TASK TO CARRY OUT. Look through the records that follow. Copy every line containing the word "Size".
▬▬▬
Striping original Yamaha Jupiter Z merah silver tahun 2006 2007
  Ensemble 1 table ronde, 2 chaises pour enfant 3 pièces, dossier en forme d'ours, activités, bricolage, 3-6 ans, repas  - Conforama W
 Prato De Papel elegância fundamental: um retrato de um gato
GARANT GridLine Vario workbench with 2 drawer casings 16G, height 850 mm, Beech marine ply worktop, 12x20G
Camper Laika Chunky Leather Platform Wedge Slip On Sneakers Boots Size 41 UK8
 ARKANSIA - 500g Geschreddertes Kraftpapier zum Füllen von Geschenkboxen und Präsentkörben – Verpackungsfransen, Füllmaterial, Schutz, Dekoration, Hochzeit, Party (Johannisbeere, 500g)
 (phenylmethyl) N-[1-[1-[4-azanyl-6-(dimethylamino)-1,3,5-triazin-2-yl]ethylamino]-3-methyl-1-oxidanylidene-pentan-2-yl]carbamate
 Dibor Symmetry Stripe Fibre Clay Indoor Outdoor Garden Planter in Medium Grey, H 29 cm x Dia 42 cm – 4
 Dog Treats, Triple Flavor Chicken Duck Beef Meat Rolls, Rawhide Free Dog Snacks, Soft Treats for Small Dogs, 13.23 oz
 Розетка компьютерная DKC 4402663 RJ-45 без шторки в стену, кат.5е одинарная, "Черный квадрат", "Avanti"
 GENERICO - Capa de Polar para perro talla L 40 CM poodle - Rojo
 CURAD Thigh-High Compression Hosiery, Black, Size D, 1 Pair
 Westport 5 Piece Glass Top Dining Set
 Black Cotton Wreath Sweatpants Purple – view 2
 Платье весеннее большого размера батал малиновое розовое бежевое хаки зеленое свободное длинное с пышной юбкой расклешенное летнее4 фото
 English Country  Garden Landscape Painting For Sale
▬▬▬
EXERCISE OUTPUT.
Camper Laika Chunky Leather Platform Wedge Slip On Sneakers Boots Size 41 UK8
 CURAD Thigh-High Compression Hosiery, Black, Size D, 1 Pair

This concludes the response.